▸ DATA SUPPLIED:
··········
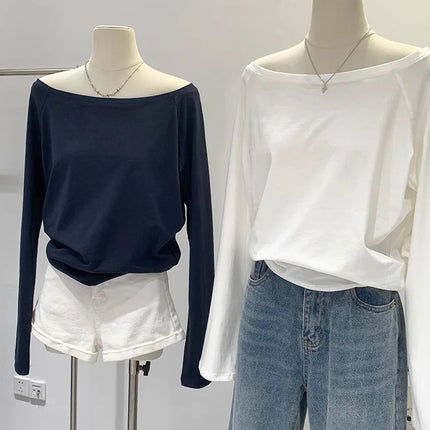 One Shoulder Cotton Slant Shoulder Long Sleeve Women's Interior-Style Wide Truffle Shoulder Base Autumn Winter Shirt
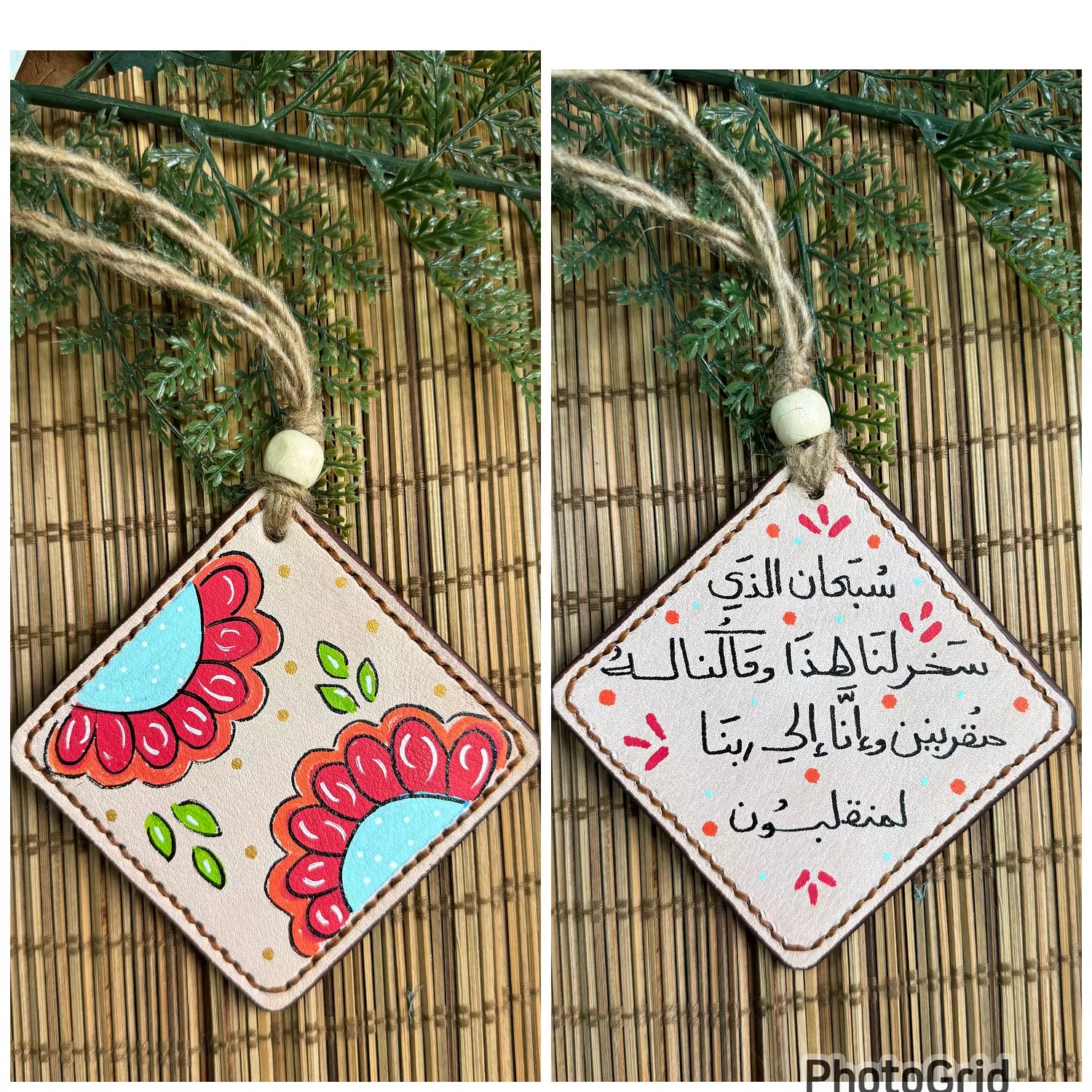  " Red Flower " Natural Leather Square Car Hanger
··········
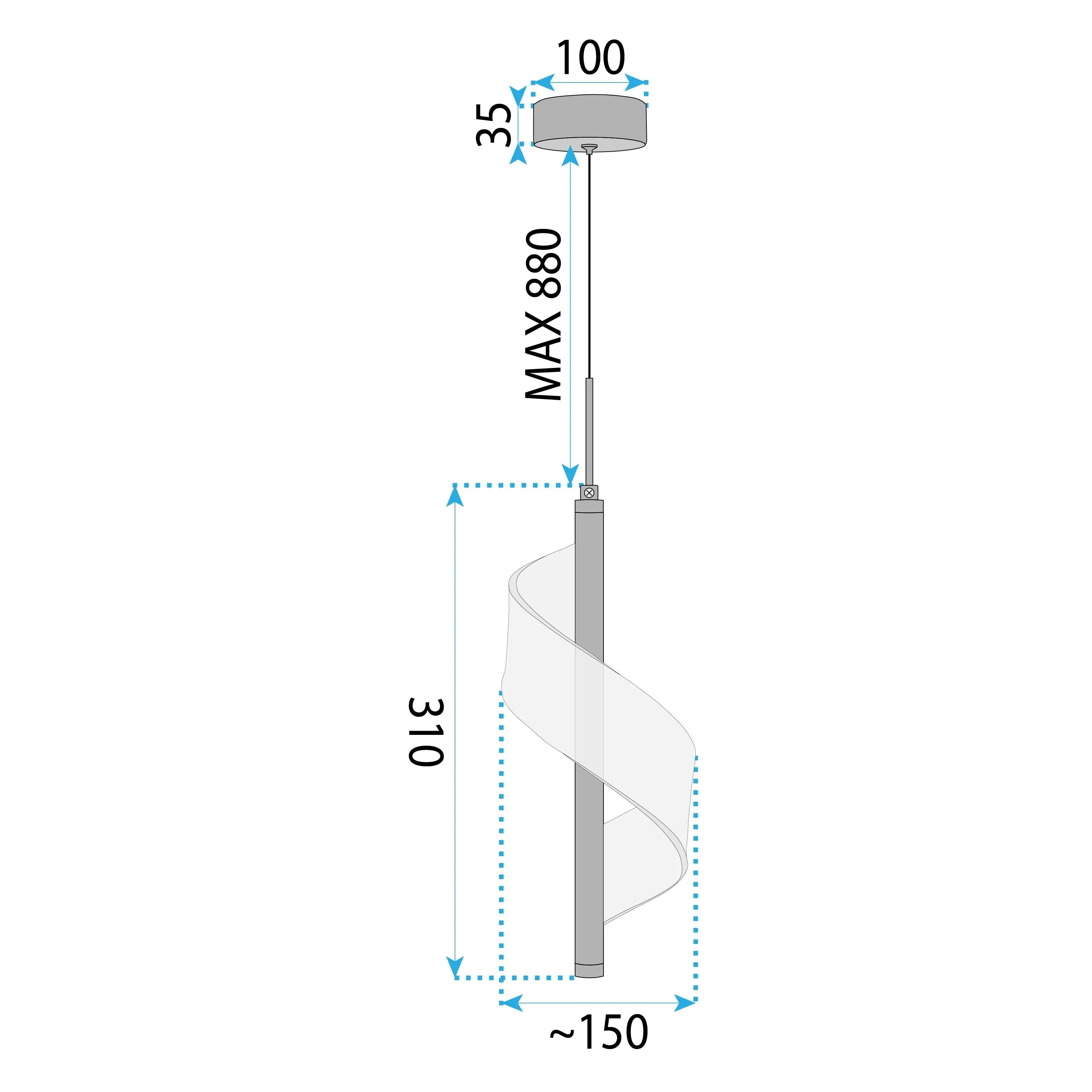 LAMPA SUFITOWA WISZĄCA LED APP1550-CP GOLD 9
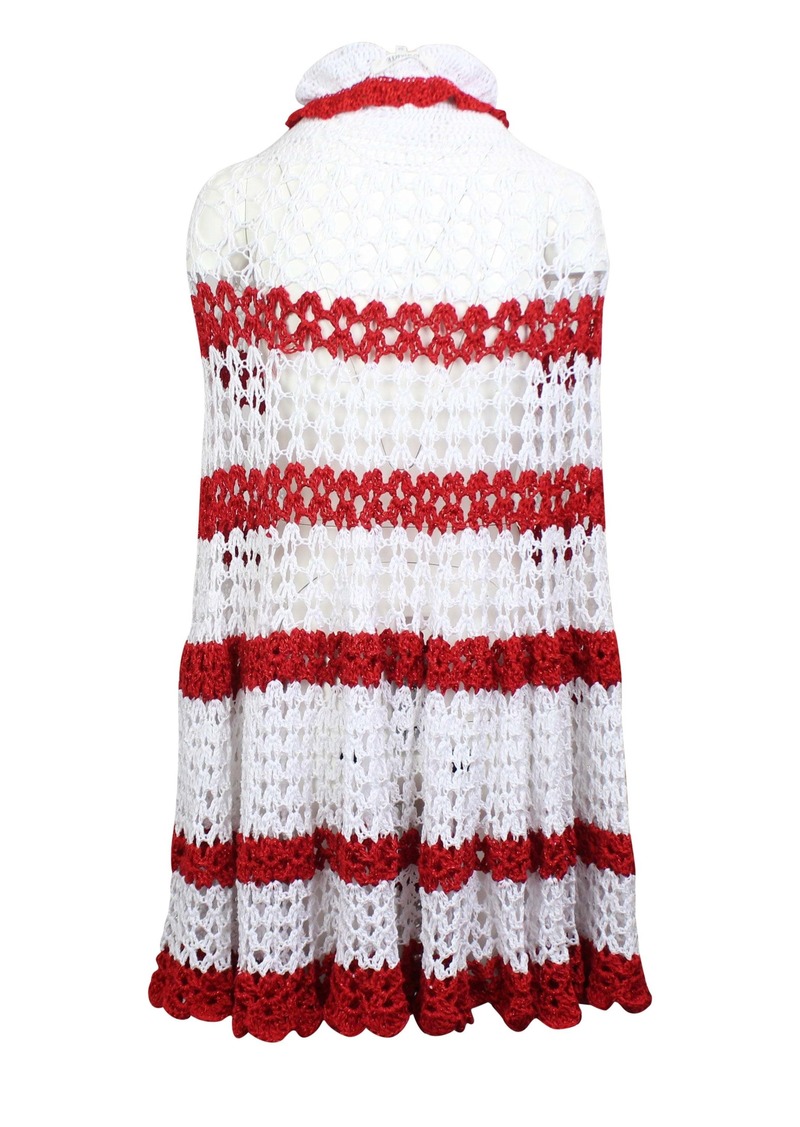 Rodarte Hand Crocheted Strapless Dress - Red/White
··········
▸ THE TASK:
Above are some records; extract exactly the lines from the one containing "LAMPA SUFITOWA WISZĄCA LED APP1550-CP GOLD 9" through the one containing "Rodarte Hand Crocheted" and drop the pictures.

▸ EXPECTED ANSWER:
 LAMPA SUFITOWA WISZĄCA LED APP1550-CP GOLD 9
 Rodarte Hand Crocheted Strapless Dress - Red/White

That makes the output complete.